The University will calculate the exact impact after analyzing the legislation’s final details and the ensuing regulations. Given the formula, more schools could become subject to the provision as their endowments appreciate or as they enroll more students—and of course, revenue-hungry lawmakers could easily boost the government’s take in the future.

In the near term, Faust estimated that Harvard would have had to pay about $40 million on its investment earnings during the fiscal year ended last June 30 . The longer term is less calculable, and perhaps of greater concern.
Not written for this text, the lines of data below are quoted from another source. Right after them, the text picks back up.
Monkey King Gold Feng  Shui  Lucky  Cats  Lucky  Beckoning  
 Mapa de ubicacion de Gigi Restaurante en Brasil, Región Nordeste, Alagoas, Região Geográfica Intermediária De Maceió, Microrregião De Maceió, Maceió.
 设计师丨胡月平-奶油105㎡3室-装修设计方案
The tax law both increased the standard deduction for individuals and families, which may make prospective donors less eager to act philanthropically (since the value of itemizing charitable deductions is diminished), and limited the deduction for state and local tax payments and deductions for interest payments on future large mortgages—both of which raise the costs for many prospective donors. The increase in the estate-tax threshold may also undercut the incentive to give.

An interesting possible straw in the wind may be discerned in the recent $12-million grant by Priscilla Chan ’07 to support public-service activities at Phillips Brooks House Association (PBHA). She and her husband, Mark Zuckerberg ’06, LL.D. ’17, have embarked on a multibillion-dollar program of philanthropic activity, based on their Facebook wealth, through their Chan Zuckerberg Initiative. But rather than endowing positions or programs, they are sponsoring term- and topic-limited research efforts in areas of interest (biomedical discovery, education). Chan’s PBHA grant is of this form.

Harvard is surely glad to receive this fellowship support. But because it is in the form of a grant, rather than an endowment, the University will not be able to make its usual assessment on continuous distributions of income from the endowed principal to help defray administrative overhead costs. (Perhaps some assessment will be imposed to cover expenses associated with the non-fellowship parts of the Chan gift.) The new tax is an additional, and highly visible, wrinkle that financially sophisticated donors may consider when deciding to how to structure their philanthropic support for elite colleges and universities. That comes just as Harvard and peer institutions are worrying about the ability of their heavily endowment-dependent financial models to support research, teaching, libraries and other academic infrastructure, as well as financial aid.

As if speaking to these concerns generally, in early December Moody’s Investors Service issued a report changing its 2018 outlook for the entire sector from “stable” to “negative,” citing slowing revenue growth outpaced by rising expenses (estimated at 3.5 percent and 4.0 percent, respectively, for higher education  as a whole). In partial confirmation of the challenge, the Commonfund Institute’s higher education price index for fiscal year 2017, published in mid December, rose to 3.7 percent—up from 1.8 percent the prior year and the fastest rate of growth since 2008. Contributing factors included employee benefits, up 5.9 percent, reflecting an aging work force using more medical services, and administrative and clerical salaries, up 3.0 percent (outpacing growth in faculty salaries, at 2.5 percent).